In other words, the ASCII, does not refer to the American Standard Code, refers to ASCII-NET's art as ASCII Corporation.

Icon Meaning
(^_^) (^^ゞ (^_^;) (-_-;) (~_~;) (・。・;) (・_・;) (・・;) ^^; ^_^; (#^.^#) (^ ^;) Smiley, nervous, embarrassed, troubled, shy, sweat drop

See List of common emoticons#Eastern.


Unicode

Main article: Unicode

Unicode would seem to offer the ultimate flexibility in producing text based art with its huge variety of characters. However, finding a suitable fixed-width font is likely to be difficult if a significant subset of Unicode is desired. (Modern UNIX-style operating systems do provide complete fixed-width Unicode fonts, e.g. for xterm. Windows has the Courier New font which includes characters like ┌╥─╨┐♥☺Ƹ̵̡Ӝ̵̨̄Ʒ) Also, the common practice of rendering Unicode with a mixture of variable width fonts is likely to make predictable display hard if more than a tiny subset of Unicode is used. ≽ʌⱷ҅ʌ≼ is an adequate representation of a cat's face in a font with varying character widths.
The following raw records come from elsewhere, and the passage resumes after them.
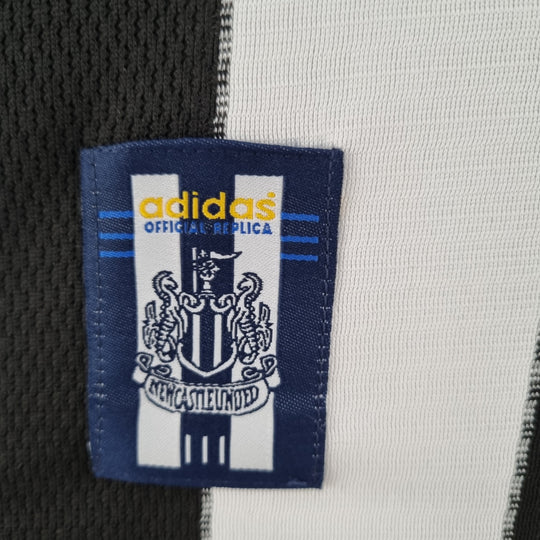 NEWCASTLE 2000 - 2001 KOTIPAITA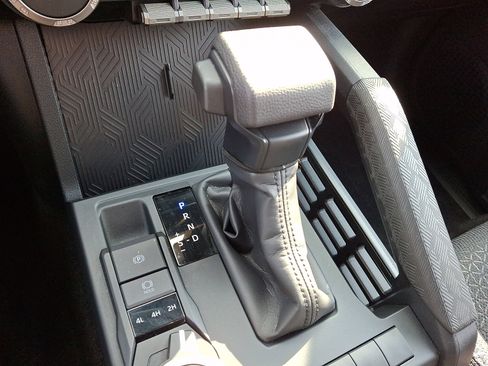 Used 2025 Toyota 4Runner SR5 image 15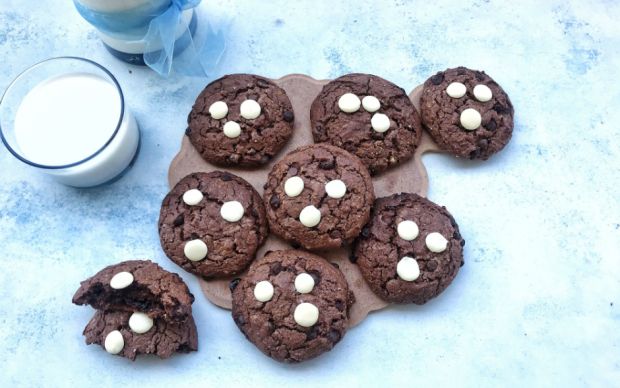 Bol Çikolatalı Brownie Kurabiye Tarifi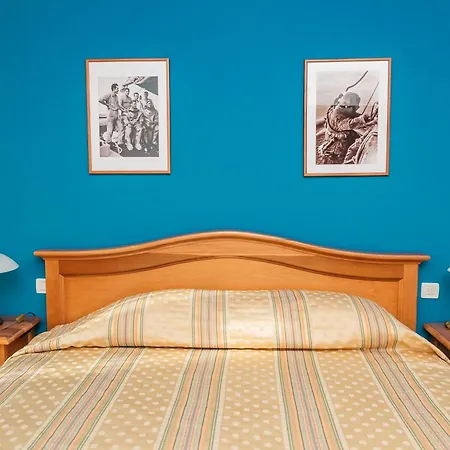 Spongiola Hotel 4*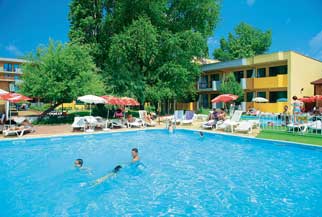 Hotel Glarus Beach 1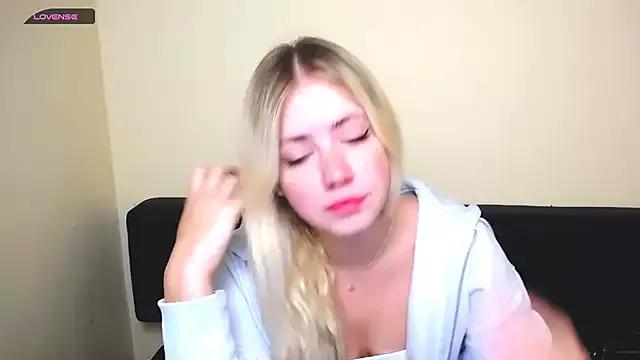 AliceHotty_ from StripChat is Freechat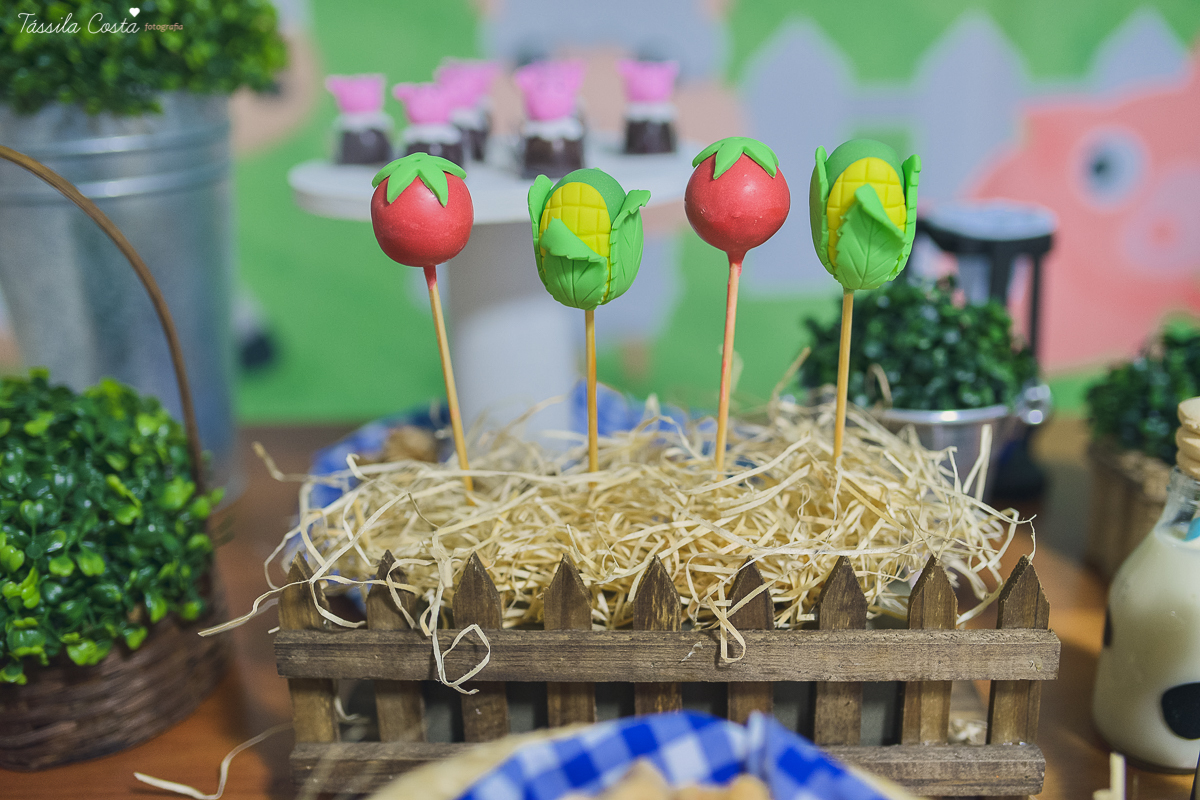 FESTA NO CONDOMÍNIO, DECORAÇÃO LINDA, DECORAÇÃO INTIMISTA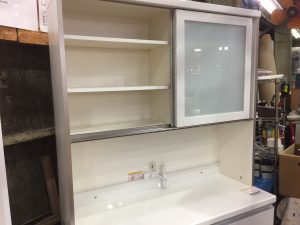 パモウナ（Pamouna）スライド扉キッチンボード
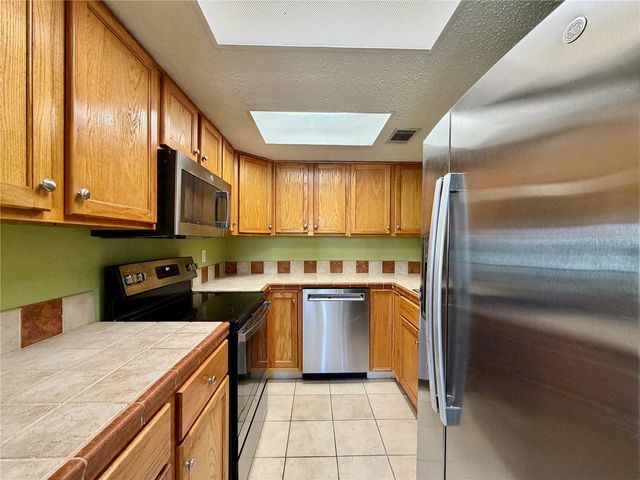 10800 US HIGHWAY 19 N 236, Pinellas Park, FL 33782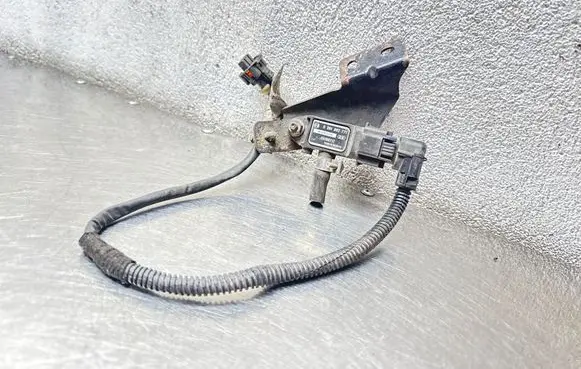 Opel Vectra C Exhaust gas pressure sensor 0281002771 0803303F 55198717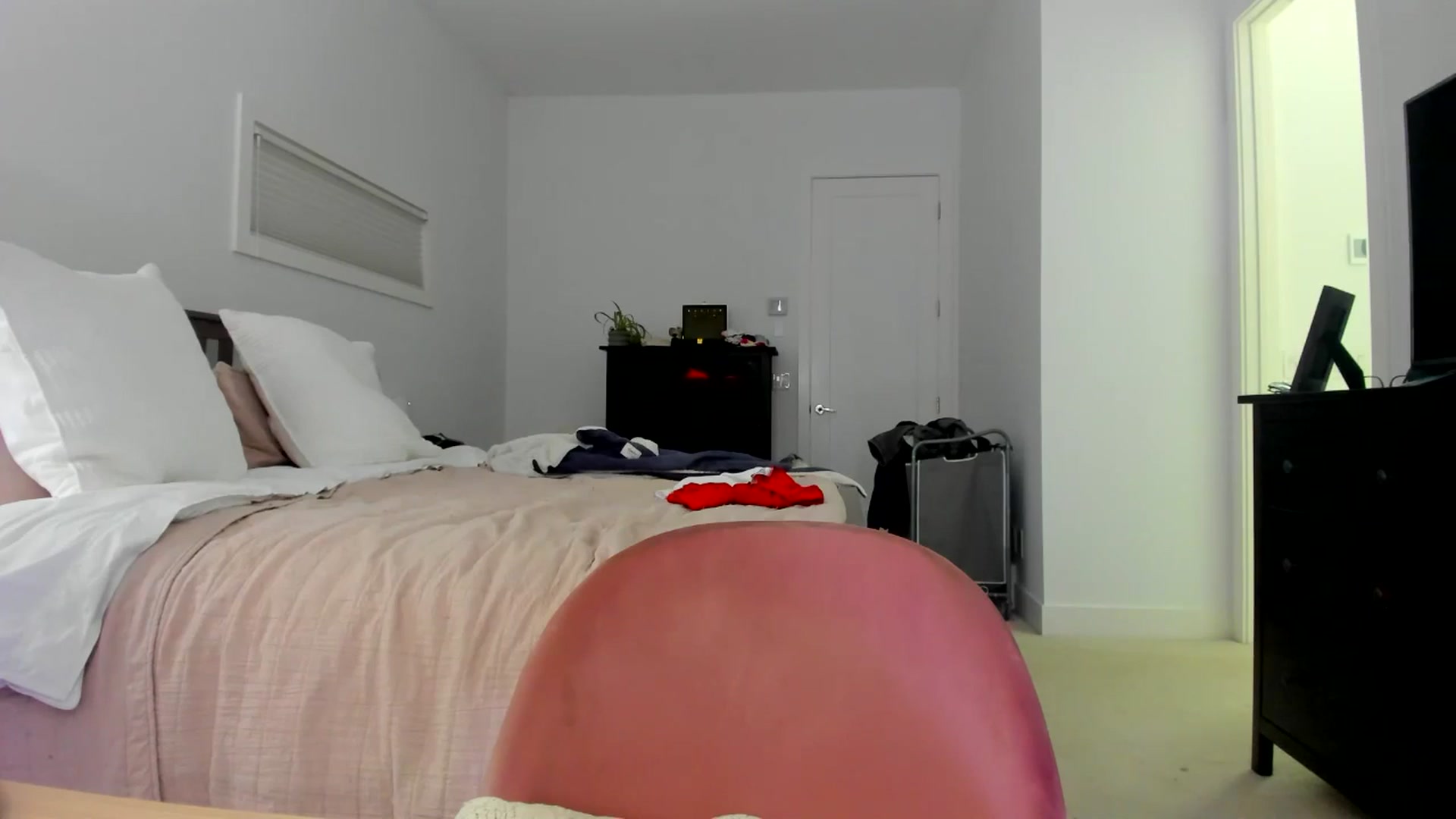Gallery image thumbnail from Kymmmy's myfreecams stream on, 04/20/2026, 22:08 image 9 of 20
Control and combining characters

The combining characters mechanism of Unicode provides considerable ways of customizing the style, even obfuscating the text (e.g. via an online generator like Obfuscator, which focuses on the filters). Glitcher is one example of Unicode art, initiated in 2012: « These symbols, intruding up and down, are made by combining lots of diacritical marks. It’s a kind of art. There’s quite a lot of artists who use the Internet or specific social networks as their canvas. »[37] The corresponding creations are favored in web browsers (thanks to their always better support), as geekily stylized usernames for social networks. With a fair compatibility, and among different online tools, Facebook symbols showcases various types of Unicode art, mainly for aesthetic purpose (Ɯıḳĭƥḙȡḯả Wîkipêȡıẚ Ẉǐḳîṗȅḍȉā Ẃįḵįṗẻḑìẵ Ẉĭḵɪṕḗdïą Ẇïƙỉpểɗĭà Ẅȉḱïṕȩđĩẵ etc.). Besides, the creations can be hand-crafted (by programming), or pasted from mobile applications (e.g. the category of 'fancy text' tools on Android). The underlying technique dates back to the old systems that incorporated control characters, though. E.g. the German composite ö would be imitated on ZX Spectrum by overwriting " after backspace and o. (Cf. below.)

Overprinting (surprint)

In the 1970s and early 1980s it was popular to produce a kind of text art that relied on overprinting. This could be produced either on a screen or on a printer by typing a character, backing up, and then typing another character, just as on a typewriter. This developed into sophisticated graphics in some cases, such as the PLATO system (c. 1973), where superscript and subscript allowed a wide variety of graphic effects. A common use were for emoticons, with WOBTAX and VICTORY both producing convincing smiley faces.[38] Overprinting had previously been used on typewriters, but the low-resolution pixelation of characters on video terminals meant that overprinting here produced seamless pixel graphics, rather than visibly overstruck combinations of letters on paper.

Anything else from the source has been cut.